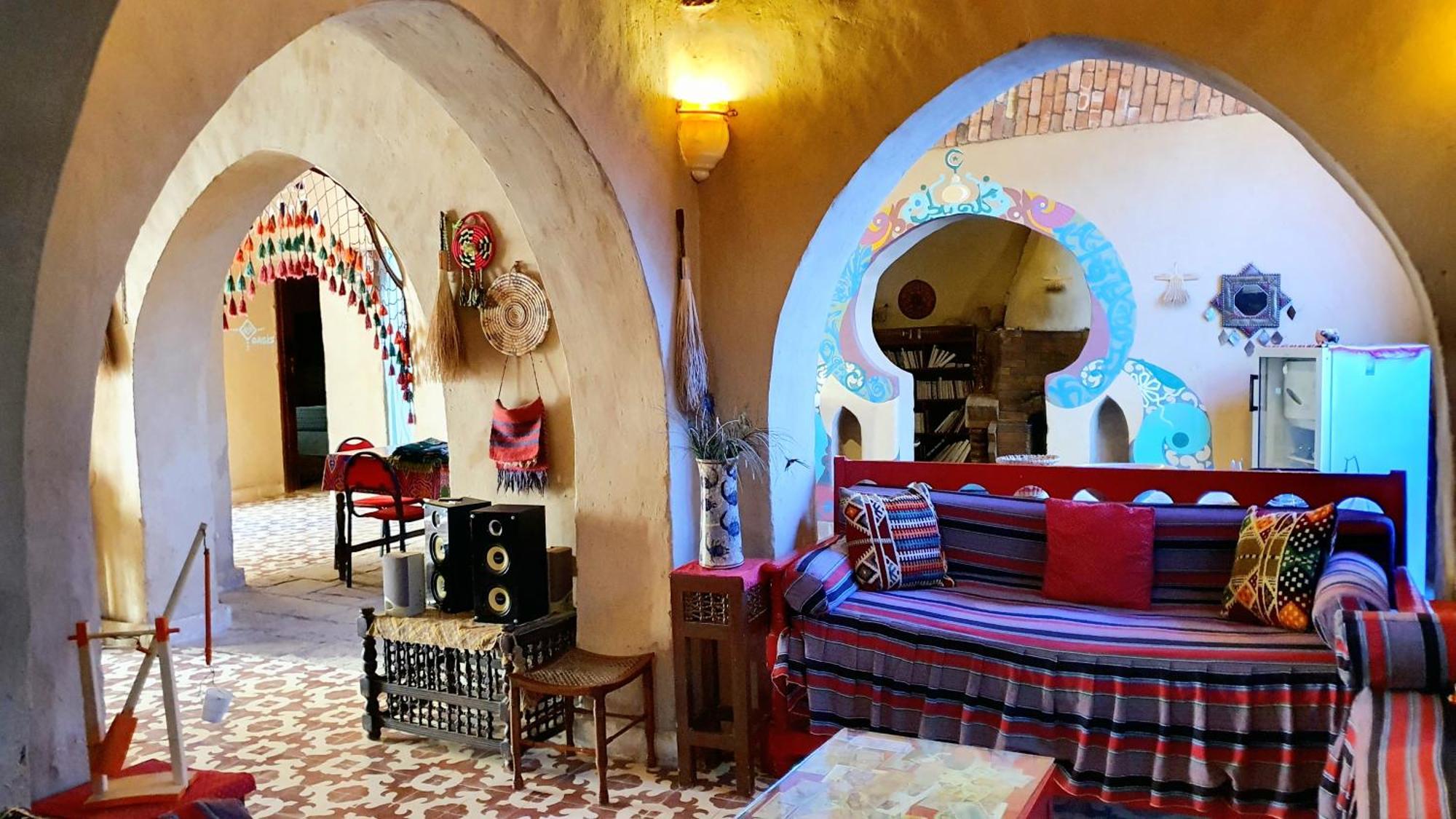 Hotel Scorpion House Luksor Zewnętrze zdjęcie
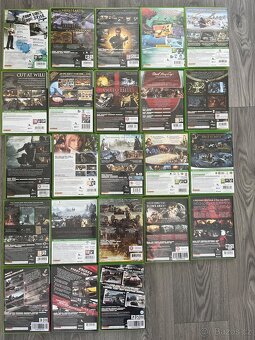 Hry na Xbox 360 - 2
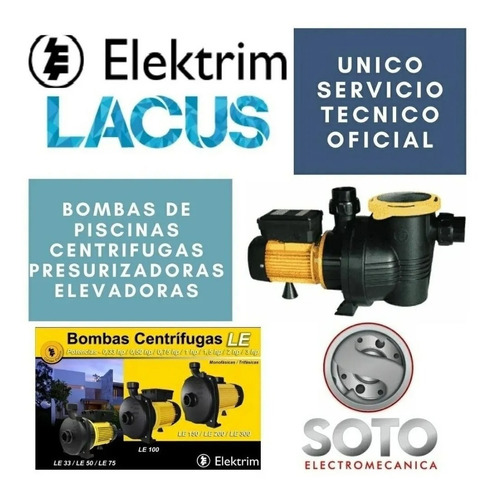 Imagen 4 de 8 de Media Union Puelche Elektrim Completa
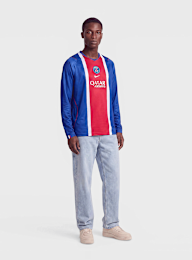 Nike  , Neves / No. 87 / PSG Dri-FIT Jersey Longsleeve Home Stadium, blue, Image 3 of 3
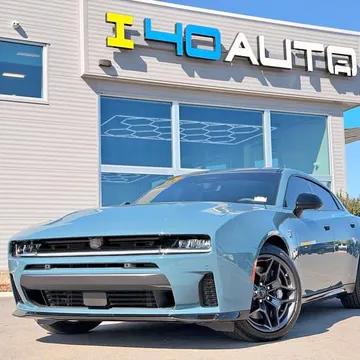 2026 Dodge Charger Scat Pack Plus 3.0L i6 8-Speed Automatic AWD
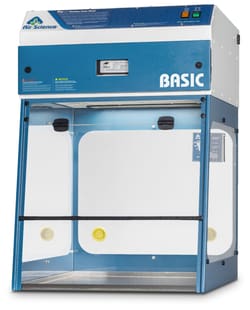 Air Science Usa Air Science Purair BASIC Ductless Fume Hood, 24" / 600mm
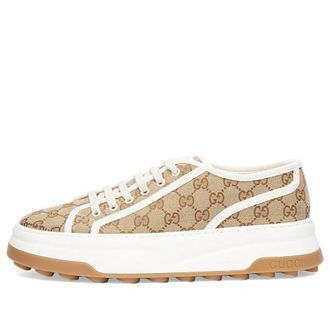 Gucci GG Sneaker Interlocking G - Beige 745997-20Q20-9745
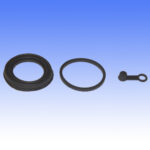 Tourmax Brake Caliper Seal Kit Caliper Service/Repair Front Yamaha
------------------------------------------------
◆ Task details
Using the data above, return the lines from the one holding "Hry na Xbox 360 - 2" through the one holding "Air Science Usa" exactly, but not the pictures.

◆ Response to this task
 Hry na Xbox 360 - 2
 Imagen 4 de 8 de Media Union Puelche Elektrim Completa
 Nike  , Neves / No. 87 / PSG Dri-FIT Jersey Longsleeve Home Stadium, blue, Image 3 of 3
 2026 Dodge Charger Scat Pack Plus 3.0L i6 8-Speed Automatic AWD
 Air Science Usa Air Science Purair BASIC Ductless Fume Hood, 24" / 600mm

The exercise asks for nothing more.